32- Tim Sall – 307 points (5 votes for first place).
The cool thing about Tim Sale is how long it took the mainstream comic book companies to grab it. He spent most of the ’80s working on standalone comic books, and it wasn’t like one of those things where his early work was much worse than his later ones. run sale on world of thieves For Starblaze Graphics he showed many of the same talents that he would later use in his most famous Batman. He has always been someone who knows how to use negative space to his advantage.
It wasn’t until he ran GrendelThe Sale’s dynamic and silhouetted art style, though, has captured real mainstream interest. He got a gig a رسم fee united unknown DC Comics miniseries This miniseries happened to be the first comic book work by the series’ writer, famous screenwriter Jeph Loeb. The association between Loeb and Sale led to the creators meeting a few years later to make a special one-shot Batman to celebrate Halloween. It was well received, so they went back to do another one the following Halloween. Then they did a third the following year. They gained such a strong sense of momentum that the couple then decided to conduct a year-long intense series called Long Halloweenset in the time of Frank Miller and David Mazuccilli, in Batman: Year One.
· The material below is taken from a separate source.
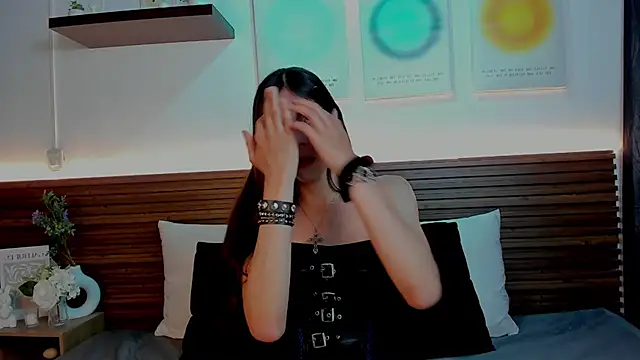 Snapshot of Sara_cutie_ chatting on 04.06.26 Sara cutie online show from 04.06.26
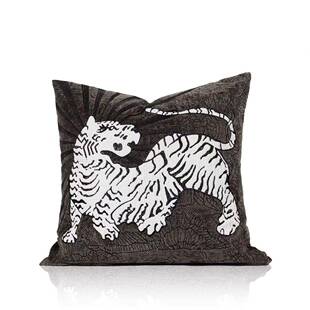 QVZ枕板房厅抱枕轻奢沙发靠垫方样样板间酒店抽客象老虎刺绣抱枕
This series showcased Salé’s most outstanding skills as an artist. He uses silhouettes, shadows, and negative space as well as any artist in the industry, but he also chooses incredibly distinctive page layouts for his action sequences, like this one between Batman and Catwoman in the first issue of The Long Halloween…
Sale is best known for its larger-than-life depictions of comic book characters. Selling is all about a sense of personality and not any kind of figurative expression of human anatomy. This is especially evident when he’s drawing characters like Joker, Two-Face, and Superman, going to almost ridiculous levels with their body designs. It’s all part of his attempt to explain how these characters appear to others, rather than any specific “Oh, well, Superman is six feet and 220 pounds” or something.
It is a very effective exaggerated technique. Loeb and Sale have taken their talents to Marvel Comics as well, starting a series of color-coded mini-comic book series highlighting the pasts of some of Marvel’s main heroes, such as Daredevil: yellowAnd the Spider-Man: BlueAnd the Body: gray And the Captain America: White (The latter is well finished after the others.)
Sale and Loeb managed to reunite for their 25th Anniversary Celebration One Shot Long Halloween Prior to the sale he tragically died earlier this year.
31. John Cassady – 315 points (4 first place votes)
John Cassady lays his pages very well, and it’s no surprise that his works are so popular that people tend to take this near-realistic approach in a big way, and Cassady has it all without ever sacrificing legibility. Here’s his famous handling of the revelation that Colossus isn’t actually dead…
Practically gives me goosebumps!
Cassady took to the scene in a big way with his run on the planet with Warren Ellis, but the Astonishing X-Men may have been the book that made him a star. Besides a few short stories and a quick run on Uncanny Avengers that launched that series in 2015, Cassaday is known mostly in the comics for his amazing covers.